The narrative of Lizzo as a body-positive artist is dominant in descriptions of her work. The Guardian categorized her album as “body-positive pop.” “Body-positivity,” Stereogum wrote, “has been a cornerstone of her discography,” while Slate argued that Lizzo’s body-positivity was so stifling that she needed to break past such “themes... that have already made Lizzo semi-famous.” At Vulture, Craig Jenkins wrote that Lizzo “can make masturbation seem like a political act.”

While reviews seem to pinpoint the singer’s relationship to her body as her central message, Cuz I Love You more consistently prioritizes glowing, glossy pop. That critics specifically focus on body empowerment is at odds with the way Lizzo portrays her work. More accurately, she occupies a space that’s common in pop: her body as sexual and covetable. Sex of all kinds is well-worn territory in pop music. Lizzo is putting ordinary, almost cliché experiences that any single millennial woman can relate to, to music: She covers having sex (including shameless sex), having sex with someone you regret, having sex with someone you really like, flirting, knowing you look good, knowing you have options. And yes, at several times, Lizzo makes reference to the freedom you can feel when you truly accept yourself and are comfortable being alone.

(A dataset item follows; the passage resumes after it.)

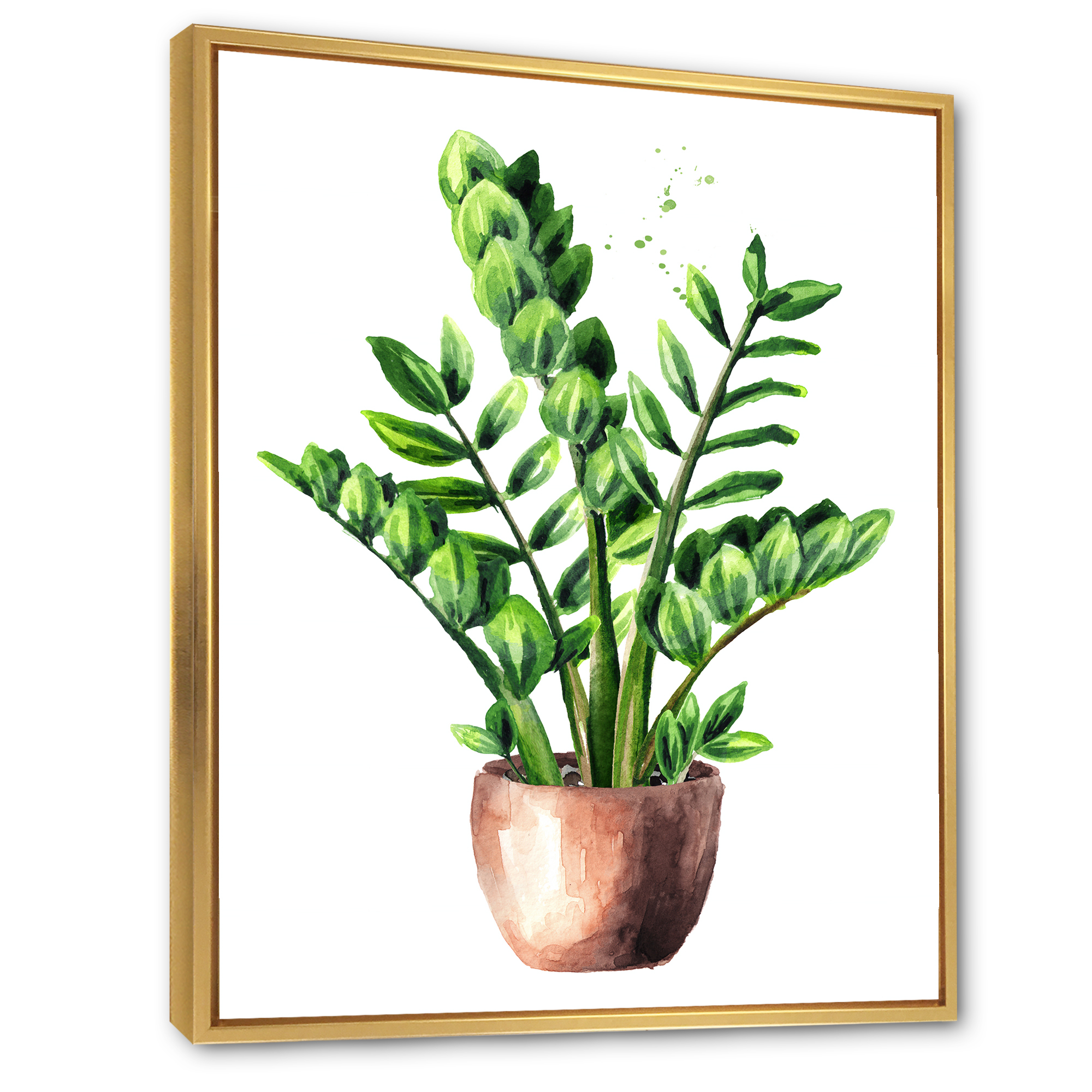 Designart 'Zamioculcas Tropical Plant With Green Leaves On White' Traditional Framed Canvas Wall Art Print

Not that Lizzo’s joy in her body isn’t apparent and delightful. Two months ago, in February, she posed naked on Instagram wearing nothing but a black cowboy hat. “Welcome to the Garden of Eden My Pussy,” she wrote. Her account is filled with pictures of her ass and creative tags: she dubbed Coachella #Hochella (last year) and #Asschella (this year). “I’m a BIG BLACK GIRL I make music that’s too good to keep to myself,” she wrote on Instagram in 2018.

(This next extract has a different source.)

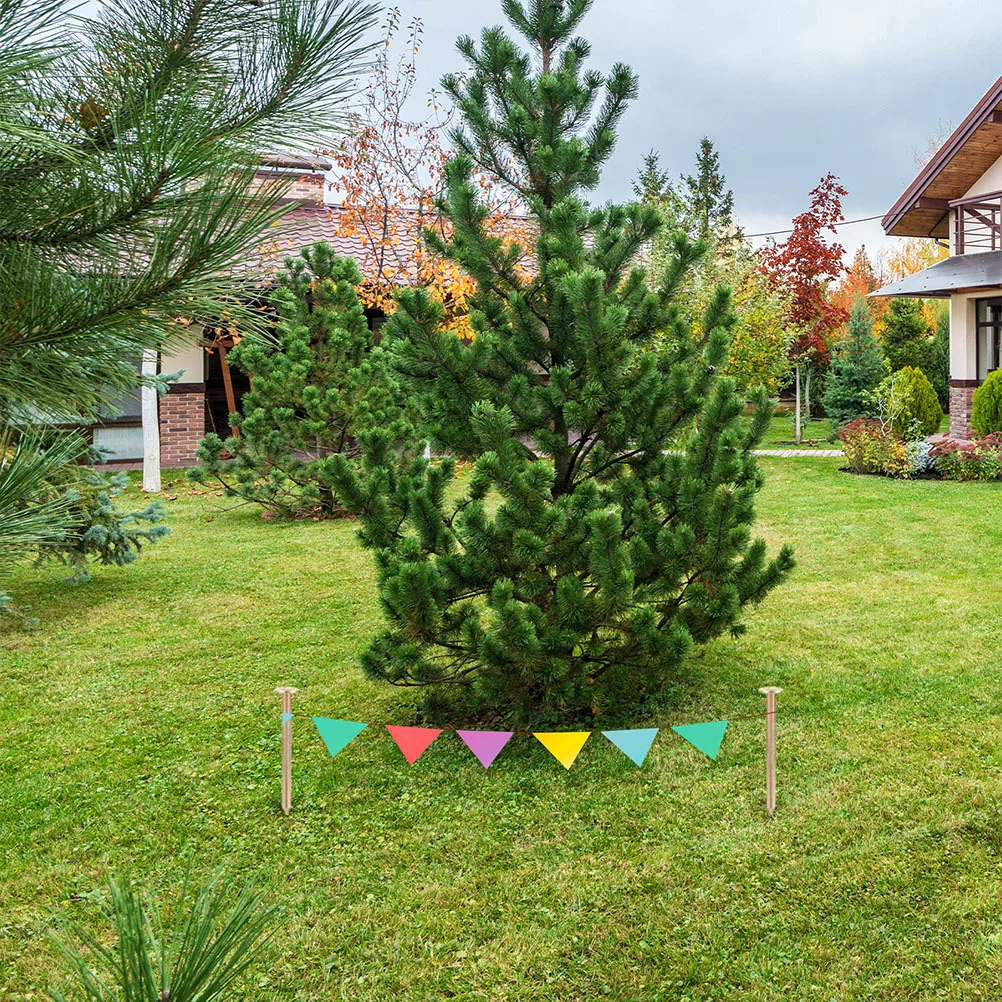 12개 스테인리스 스틸 서베이 네일, 토지 경계 표시용 날카로운 끝 지주, 잔디 정원 고정용 지주, 토지 경계 표시기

It’s not that Lizzo doesn’t rap about being a “thick bitch” and make references to her weight in her music. But the fervor with which the body-positive narrative is projected onto her shows that wearing lingerie and masturbating are still considered groundbreaking when a woman above a size 14 does it. The instinct to frame Cuz I Love You as a case study for fat women’s empowerment says more about the music industry’s reluctance to let a plus-size black woman occupy a complicated space as an artist. Beyond the album’s pristine, shiny empowerment glaze, I hear a grown woman talking about how much she loves to have sex and feel appreciated. She eye-rolls about a man who thinks “you got me dickmatized,” on “Heaven Help Me; and in the middle of her kiss-off, “Jerome,” she warns an ex-lover that “2 a.m. photos with smileys and hearts/Ain’t the way to my juicy parts.” On “Juice,” she laughs as someone’s boyfriend has been hitting her up in the DMs; on “Tempo,” she advises another man who wants in the action to “buckle up.” And on “Soulmate,” she reminisces, almost with a tear in her eye, about how “the old me used to love them Geminis/Like a threesome, fucking with them every night.”

These songs are documenting her life as a sexually active and curious woman, rather than stating a refusal to apologize for taking up space. In doing press for this album, Lizzo has reiterated that she didn’t intend to make a political statement by making a record about her life. “I don’t think that loving yourself is a choice,” she said in an op-ed for NBC News. Body positivity may jump out at fans and music critics, but for her, her fatness is part of the backdrop of life. If her audience could accept it as part of the scenery, and not the full picture, what else would we notice?